[Exercise data Boundary: Start]

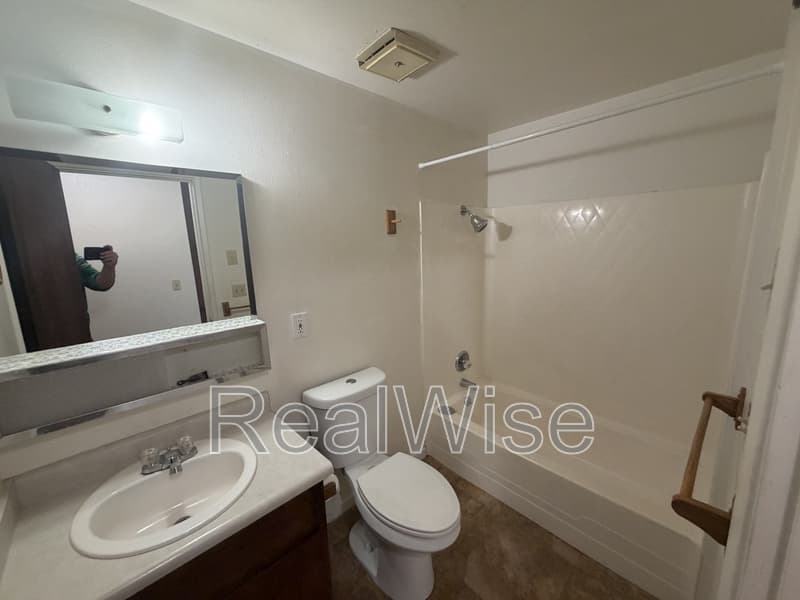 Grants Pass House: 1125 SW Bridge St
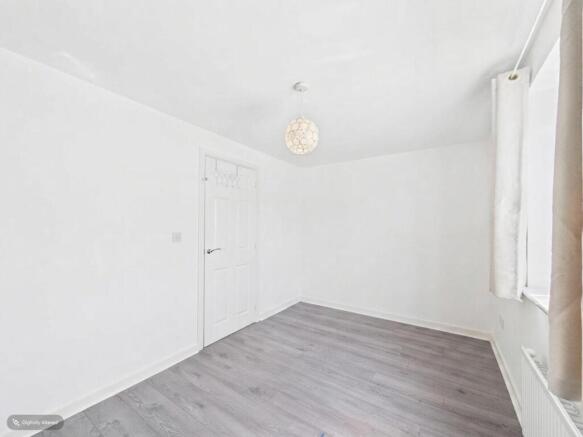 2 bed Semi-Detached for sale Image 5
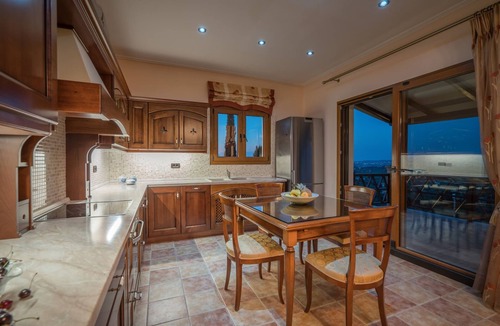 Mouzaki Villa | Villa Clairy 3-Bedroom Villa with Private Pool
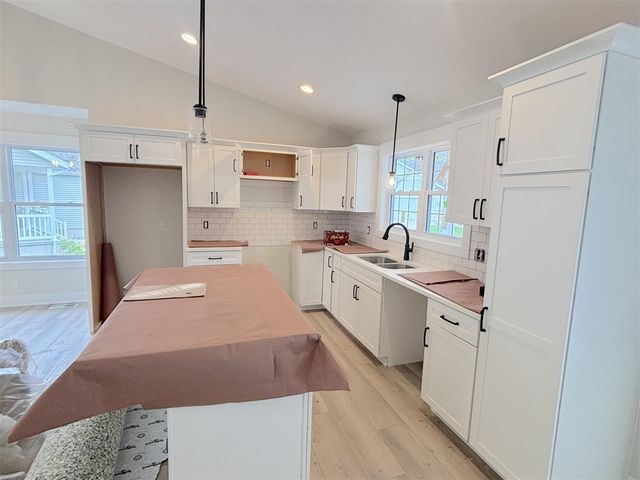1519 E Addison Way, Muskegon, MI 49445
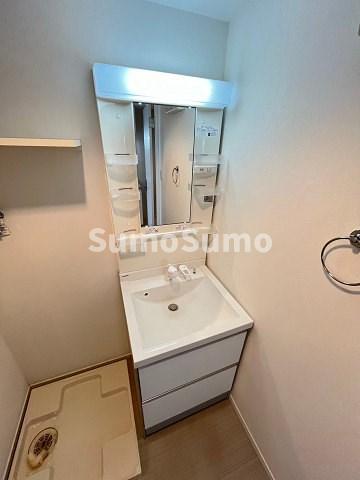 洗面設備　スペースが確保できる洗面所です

[Exercise data Boundary: End]
[Exercise data Boundary: Start]

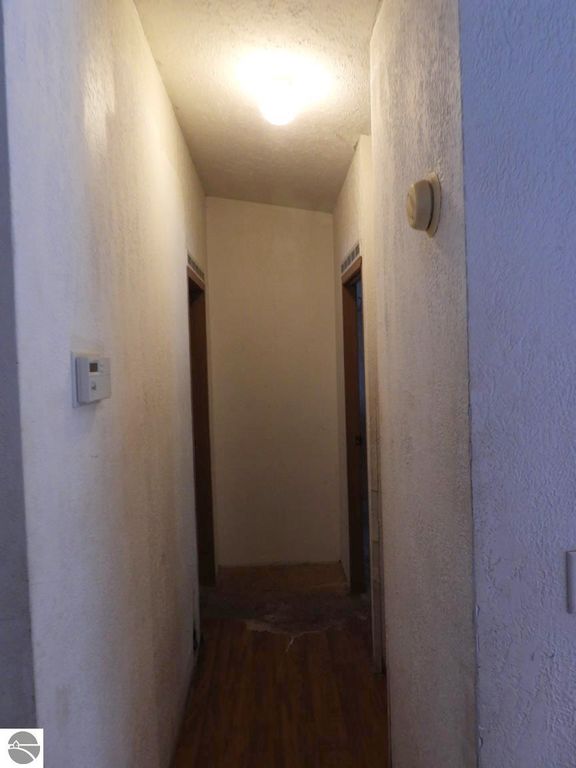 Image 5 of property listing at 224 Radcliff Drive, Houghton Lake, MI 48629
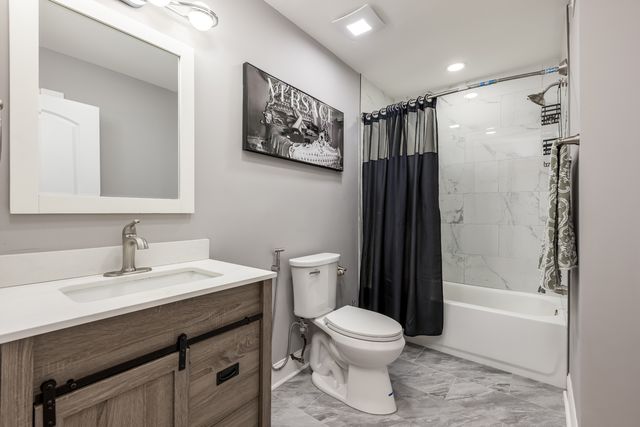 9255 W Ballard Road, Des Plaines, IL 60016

[Exercise data Boundary: End]
[Exercise data Boundary: Start]

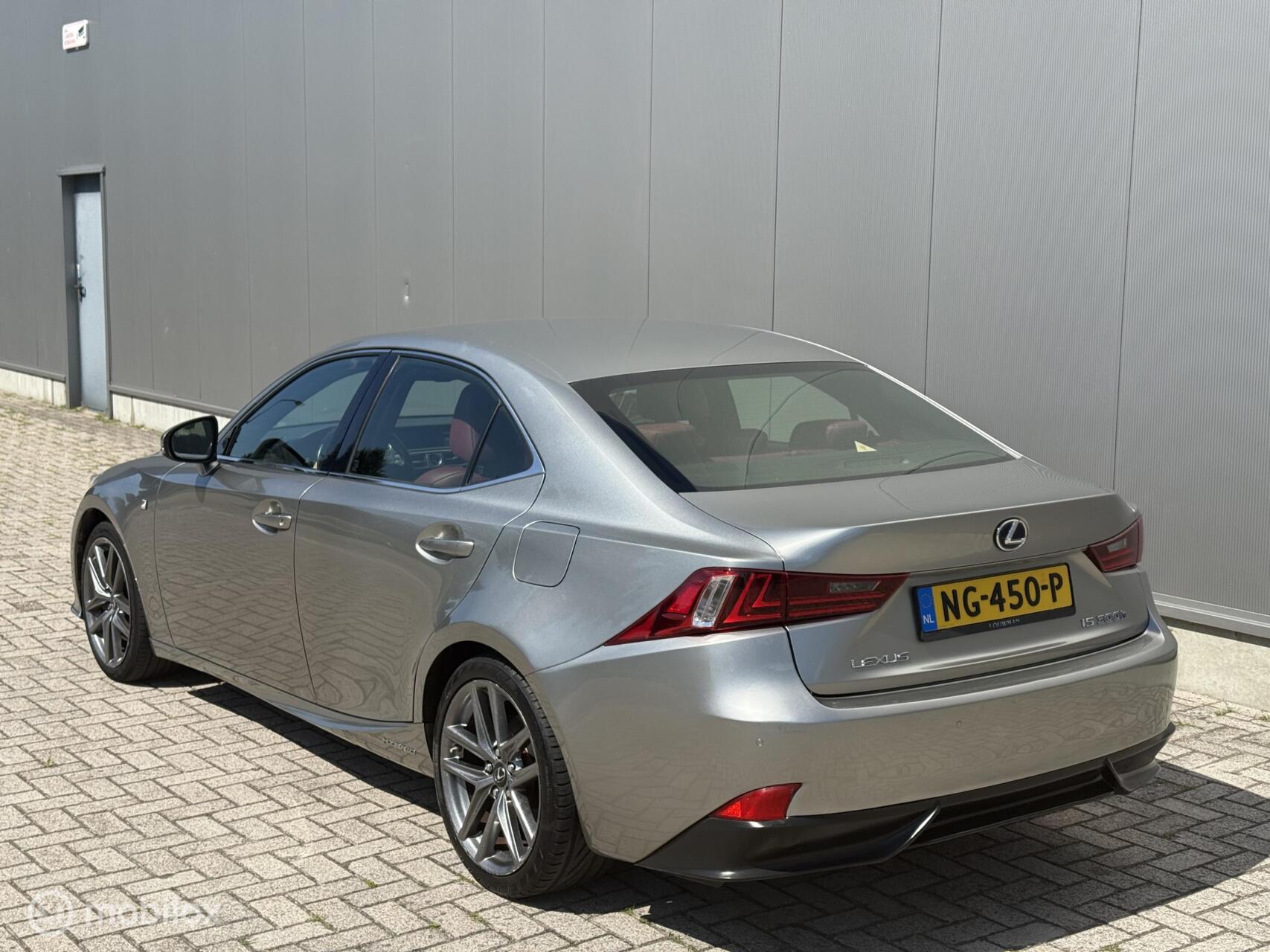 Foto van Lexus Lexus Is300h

[Exercise data Boundary: End]

# Aim of the task:
Leave out every picture, and copy exactly the lines above starting at the one holding "2 bed Semi-Detached for sale Image 5" and ending at the one holding "洗面設備　スペースが確保できる洗面所です", no more and no less.

# Finished exercise:
 2 bed Semi-Detached for sale Image 5
 Mouzaki Villa | Villa Clairy 3-Bedroom Villa with Private Pool
1519 E Addison Way, Muskegon, MI 49445
 洗面設備　スペースが確保できる洗面所です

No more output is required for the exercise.